The μ-opioid receptor binding affinities were measured by displacement of [3H]-DAMGO. Sample preparation, the amount of membrane proteins, composition of assay buffer, incubation time and filtration method were as described earlier (Measurements of Bmax and Kd for μ-opioid receptor using the [3H]-DAMGO). The μ-opioid receptor binding of each agonist was measured by displacement of [3H]-DAMGO (2 nM) binding by different concentrations of oxycodone (10−10–10−6 M) or morphine (10−10–10−6 M), and was expressed as % of [3H]-DAMGO binding, in which the [3H]-DAMGO binding in the absence of oxycodone or morphine was defined as 100%. The value of each sample was calculated as: (T1 − T0)/(T2 − T0) × 100, where T0 is the non-specific binding, T1 is the [3H]-DAMGO binding in the presence of various concentrations of oxycodone or morphine and T2 is the [3H]-DAMGO binding in the absence of respective agonist.

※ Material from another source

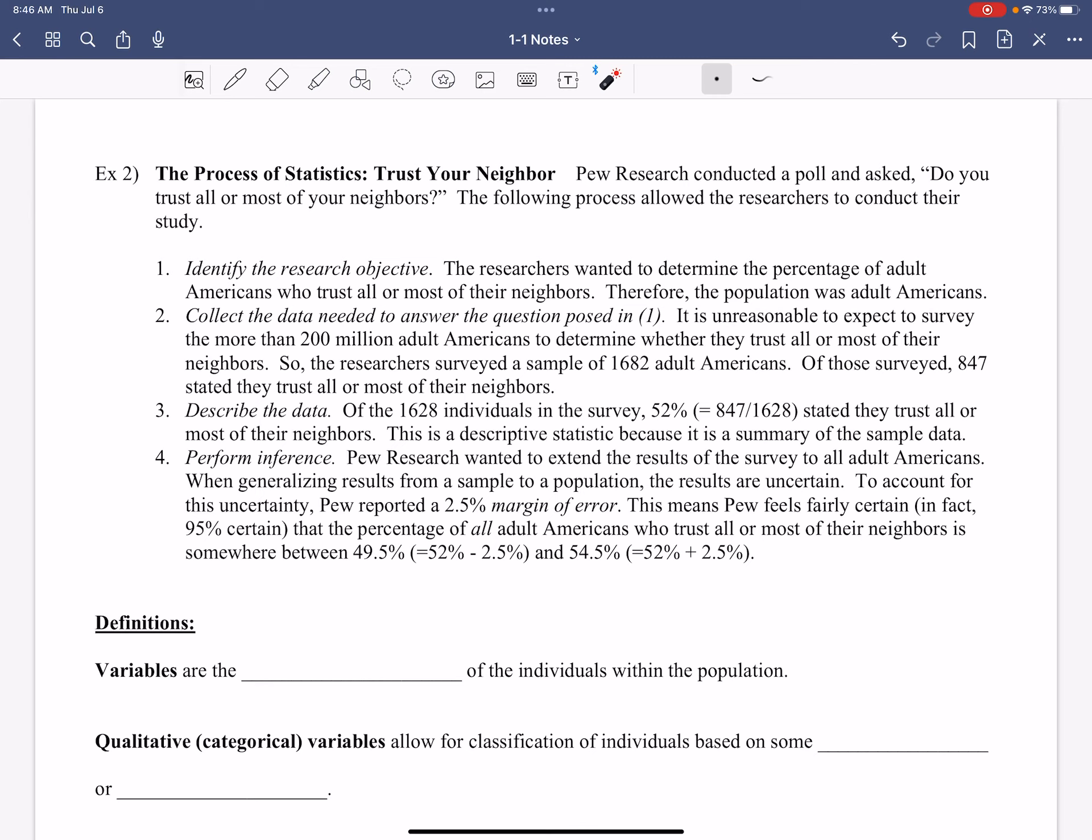Once I get this data, then we're going to describe it. Of the 1,628 individuals, 52%, which is 847 divided by 1,628, literally just doing the division to get the percentage. You guys know how to find a percentage. There it is. Stated that they trust all or most of their neighbors. This is a descriptive statistic because it is a summary of the data. Just that easy. We're not getting crazy. Sometimes you go more in depth with it. Sometimes you just give a straight up numerical summary, which is 52%. Perform the inference.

Before evaluation, the mouse was placed in a clear plastic observation box and allowed to habituate for 15 min. Spontaneous guarding behaviour, that is the amount of time the hind paw on the ipsilateral side was lifted during ambulation, was assessed for a 2-min observation period. Limb-use abnormality on the ipsilateral side during spontaneous ambulation was scored on a scale of 0 to 4: 0, normal limb use; 1, slight limp; 2, obvious limp; 3, partial non-use of the limb; and 4, complete non-use of the limb.
Allodynia-like behaviour was recognized as paw withdrawal in response to tactile stimuli using a series of von Frey monofilaments (pressure: 0.008, 0.02, 0.04, 0.07, 0.16, 0.4, 0.6 and 1 g). The up–down method of the von Frey monofilament test (Zhao et al., 2007) was used, as described previously (Minami et al., 2009).
The effects on guarding time and limb-use abnormality are expressed as % maximum possible effect (MPE), which was calculated as ([T0 − T1] × 100/T0), where T0 and T1 are the values (time or score) before and after administering the agonist in each animal, respectively. The inhibition of allodynia-like behaviour is expressed as % MPE, which was calculated as ([T2 − T1] × 100/[T0 − T1]), where T0 is the threshold stimulation (g) before tumour implantation, and T1 and T2 are the respective threshold stimulations (g) before and after administering the agonist in each animal.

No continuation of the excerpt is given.